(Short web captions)
>>>
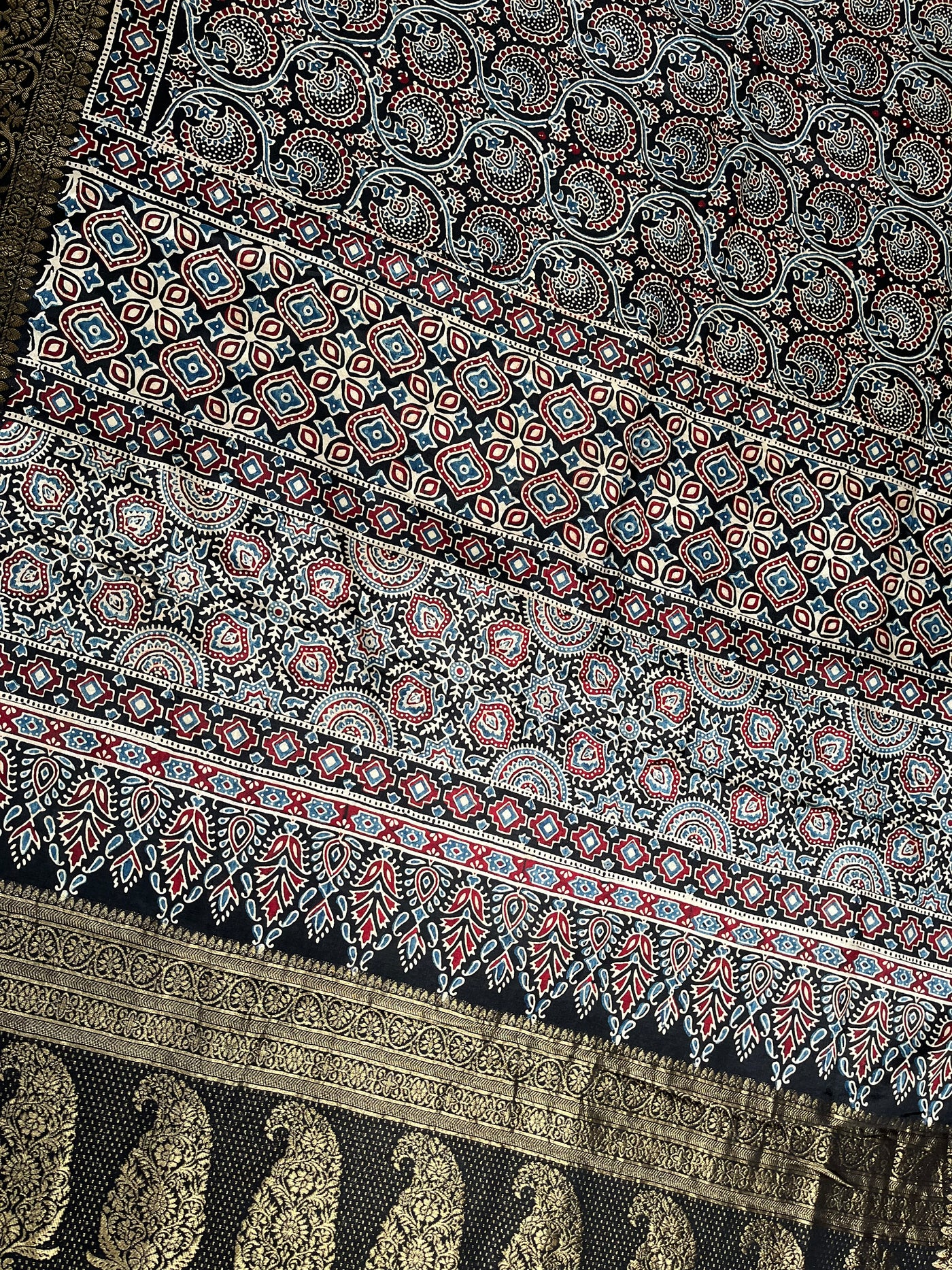 TAPTI: Handblock Ajrakh Dola Silk Saree with Meenakari Pallu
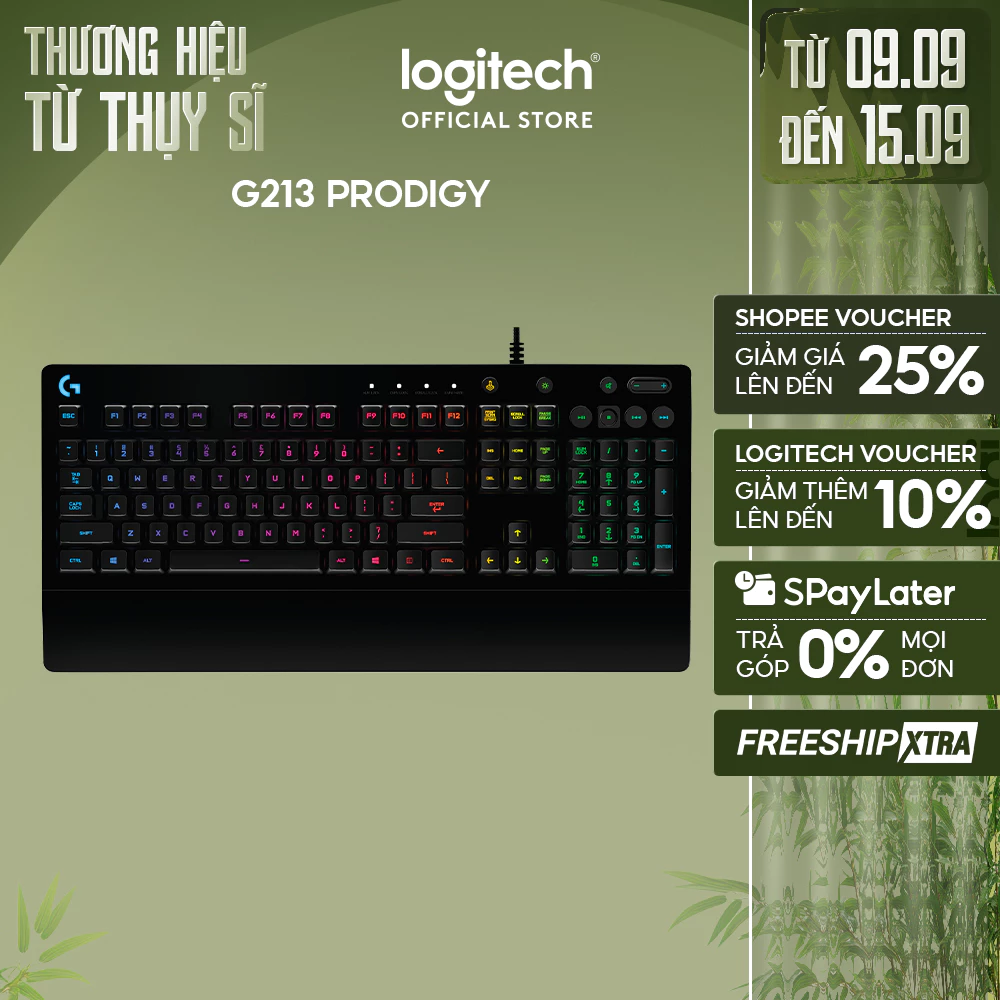Bàn phím gaming có dây Logitech G213 Prodigy - RGB, Full size, chống tràn bền bỉ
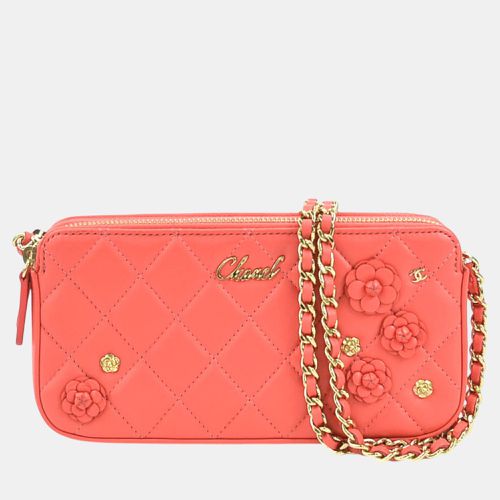 Chanel Pink Gold Leather Matelasse Camellia Wallet Chain Shoulder Bag - Chanel - Modalova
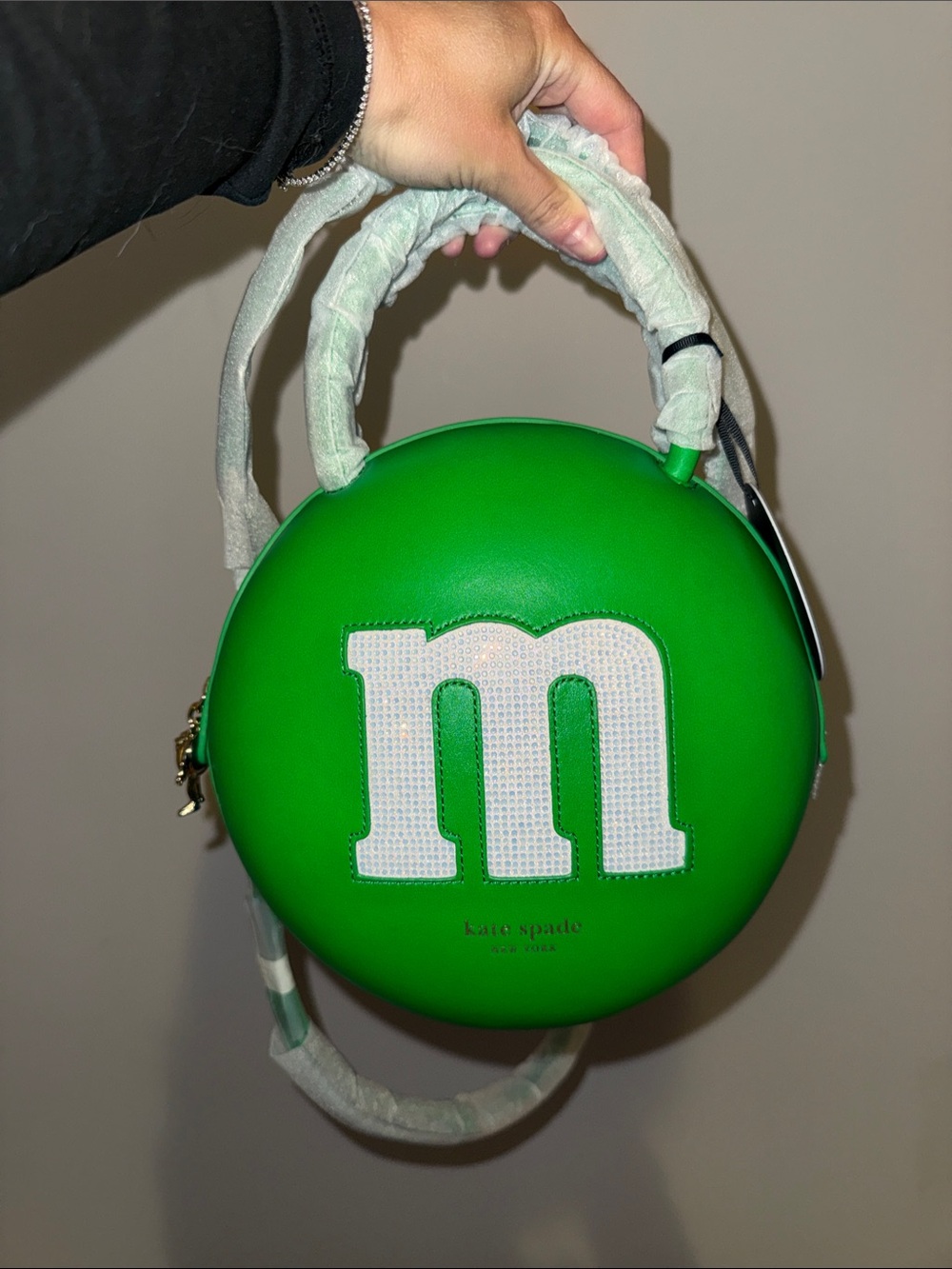 kate spade x M&M’s collab Green Round Crossbody with Rhinestone 'm'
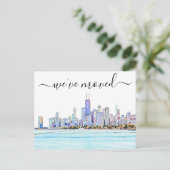 Briefkaart van Chicago Skyline Moving Announcement (Staand voorkant)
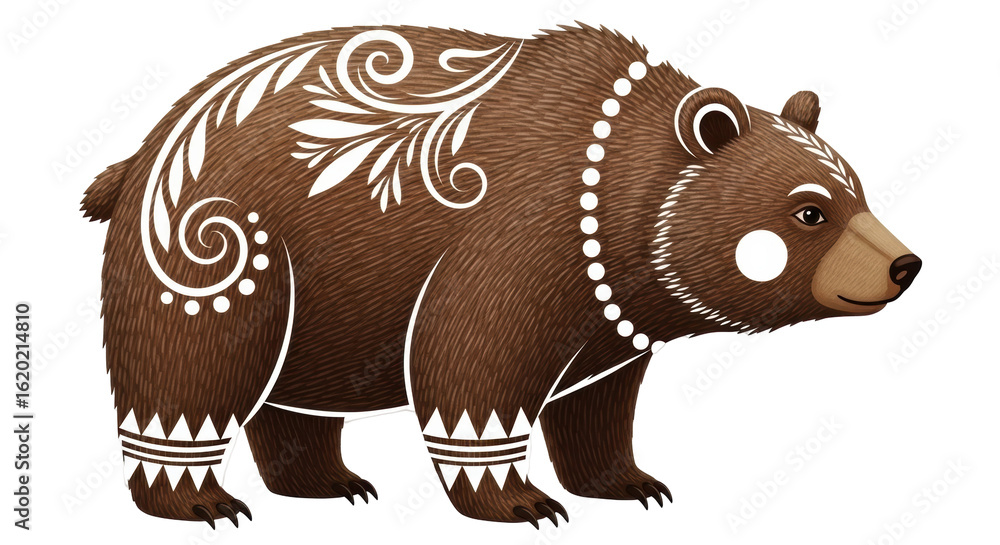 Fototapeta premium Isolated Illustrated Bear with Tribal Decorations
<<<
§ YOUR ASSIGNMENT: Working from the line with "Briefkaart van Chicago" down through the last line of the records, give every line again exactly, but no pictures.

§ WRITTEN ANSWER:
 Briefkaart van Chicago Skyline Moving Announcement (Staand voorkant)
 Fototapeta premium Isolated Illustrated Bear with Tribal Decorations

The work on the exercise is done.